THE CITIZEN AND HIS RIGHTS

The governments of both state and nation rest directly upon individuals and have as their chief object the regulation of the dealings of these individuals one with another. Neither state nor national government, however, has been endowed with unrestricted power over individual interests and actions. Both are agents to which the people have entrusted large authority; yet both are precluded from exercising many forms of control which governments in other times and places have wielded freely. In other words, the people have large liberties which they have reserved to themselves as against one or both of the governments under which they live. Contrary, furthermore, to the situation in England, where the government can itself amend the constitution, alter its own powers, and make any changes whatsoever in the status of the individual, the liberties of the individual in the United States are protected from governmental interference by enumeration in fundamental laws which national and state governments have no power to modify. The first eight amendments to the national constitution form, in effect, a bill of rights, and a number of other clauses have a similar bearing; while practically every state constitution contains a formal enumeration of rights, or articles tantamount thereto.

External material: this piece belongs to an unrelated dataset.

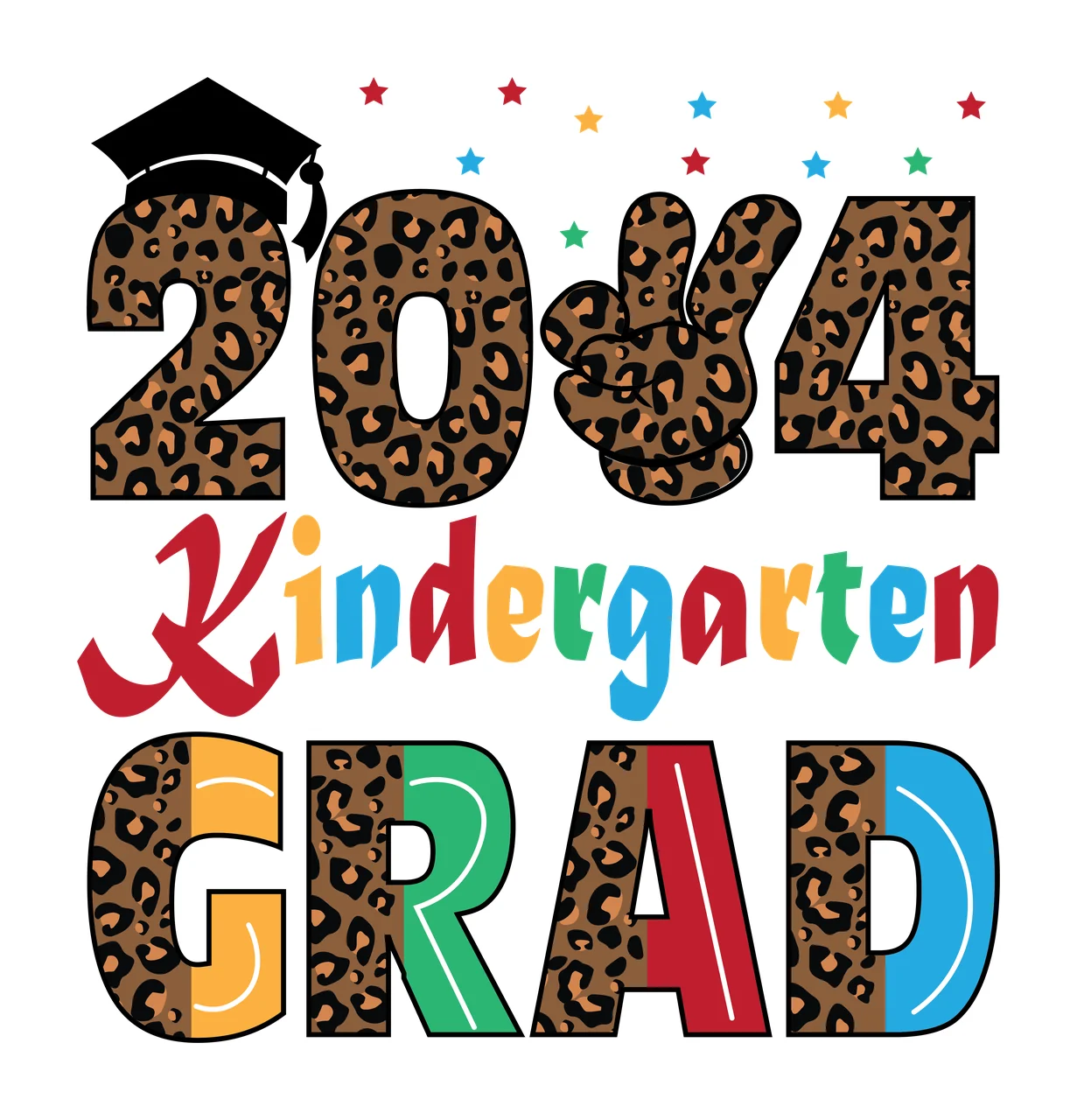Kindergarten With Animal Pattern text print filling graduation cap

Before turning to an analysis of the national and state governments it is desirable, therefore, to look somewhat closely into the question of where the individual man and woman stands in relation to these governments-to inquire what rights he or she has, what privileges, and what correlative duties and obligations. The proposition does not require argument that in the final analysis the most important aspect of any government is, not the form or the method of it, but the position which the merchant, the farmer, the artisan occupies under it.

The inhabitants of the United States fall into two classes, namely, citizens and aliens. We are mainly concerned with the 1 See p. 76.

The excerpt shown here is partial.